Reproduce the full listing below exactly. Do not include the pictures.

***** INFORMATION PROVIDED *****

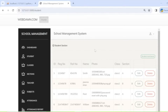Hello guys, welcome back. In this video I'll explain how to develop a school management system using Python Flask and MySQL. Before starting with the coding, we will discuss the database and give a demo of the project.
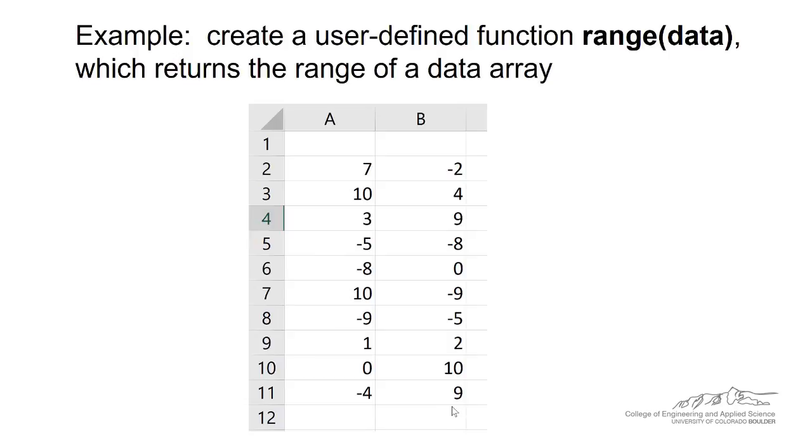For example, the max minus the min. So in this case, the max is 10 and the min is negative 9. So we would like to be able to easily tell that the range is 19.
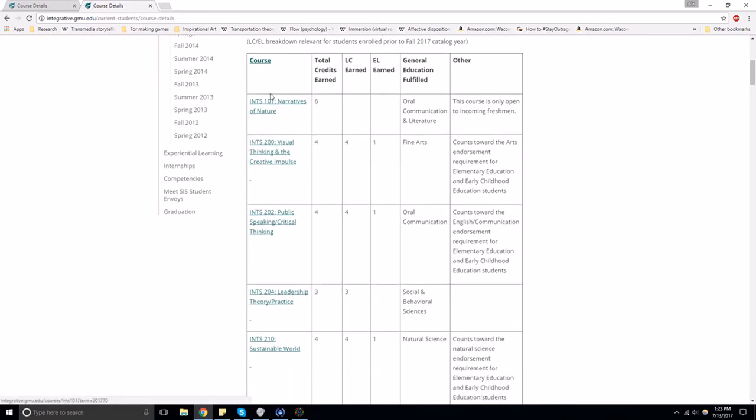If you look at one of the courses, you can see how many credits they'll give you and if they fulfill another general education requirement. The other section also has important information about the course.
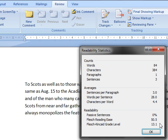And the Flesh Kincaid Grade Level is the number of years of education someone should have if they're going to have a good understanding of what's written here. So right now you can see this is actually a pretty difficult piece, 50.5 and 13.1.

*****

» **SOLUTION BELOW**:
Hello guys, welcome back. In this video I'll explain how to develop a school management system using Python Flask and MySQL. Before starting with the coding, we will discuss the database and give a demo of the project.
For example, the max minus the min. So in this case, the max is 10 and the min is negative 9. So we would like to be able to easily tell that the range is 19.
If you look at one of the courses, you can see how many credits they'll give you and if they fulfill another general education requirement. The other section also has important information about the course.
And the Flesh Kincaid Grade Level is the number of years of education someone should have if they're going to have a good understanding of what's written here. So right now you can see this is actually a pretty difficult piece, 50.5 and 13.1.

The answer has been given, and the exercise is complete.